I’m buillding a bubble-popping game. I have built a simple sound cue that plays a popping sound with two sources of modulation:

  1. The bigger the bubble, the lower the
    pitch
  2. The default Modulator which
    adds +/- 5% random modulation

When playing on desktop, this works fine. However, when packaging and running on an Android target device, the pitch of the pop sound is constant.

The same thing happens whether a build, sign, and install for distribution, or just Launch a level preview on-device from the toolbar.
I know that the scaling factor is properly calculated, because it’s also used to render the bubbles I’m popping, and those have the right scaling applied.

Using the latest 4.7.5 Unreal Engine, downloaded from launcher.
Testing on Andriod 4.4.4 running on a OnePlus One 64 GB.

Pitch modulation isn’t supported on Android right now - there’s nothing in the code itself to implement it.

I think it has something to do with the way OpenSLES is implemented on Android.

However it would be nice to know if there are plans about this.

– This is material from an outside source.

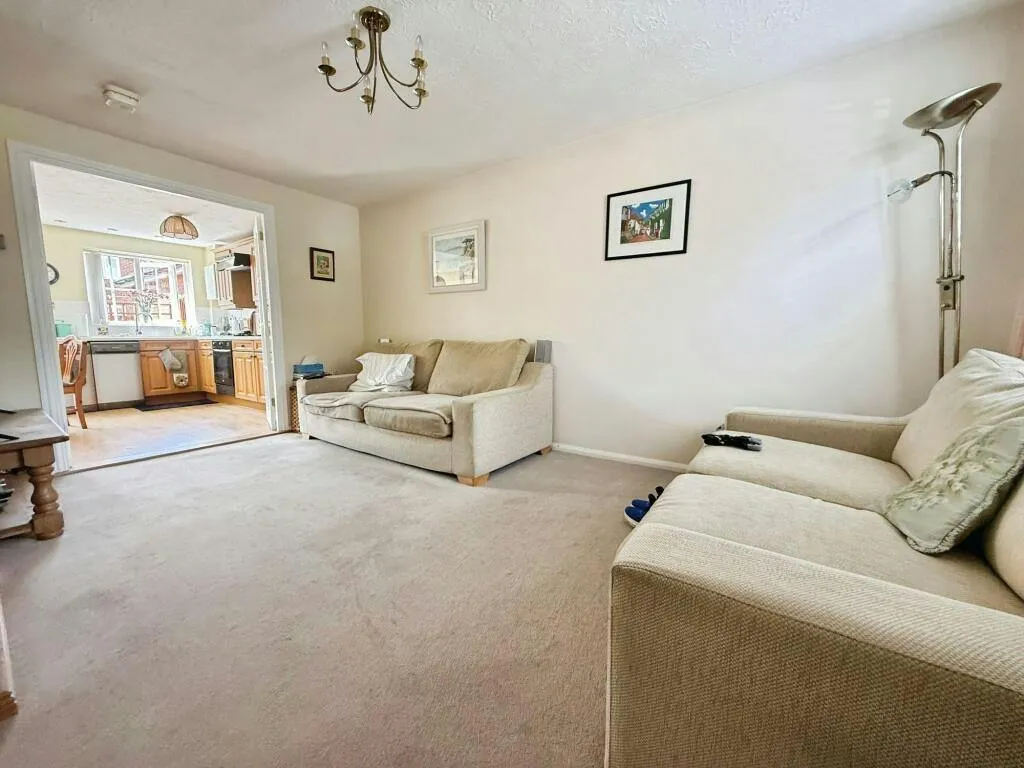 Farleys Way, Peasmarsh, TN31, photo 2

Thanks for the answer. That’s… astounding. I did pitch modulation in software on a Pentium II / 300 and it used less than one percent of the CPU. It’s one of the first things anyone will implement in a software sound renderer, because it’s the same thing as sample rate conversion. For this to be missing is … I don’t have words. Maybe I should have gone into liberal arts :-/ It’s like saying “oh, yeah, vertex colors aren’t supported” or something for graphics.

Yeah, you could even say that it’s sad.
Epic is not to be blamed in this particular case, it really is an Android issue.

A workaround could be to create a custom procedural sound node and filling its internal buffer yourself based on the pitch value.
However, the fact that no easy audio callback is available in UE4 makes this sort of requirements a lot harder than they should be to implement.

This is still true today, with version 4.17.2 and Nougat apparently. It’s a shame =(

This is a real shame! It’s just that extra bit difficult to reduce the repetitive nature of some sound effects. It’s really not great that it’s already a struggle to cut down package sizes for android!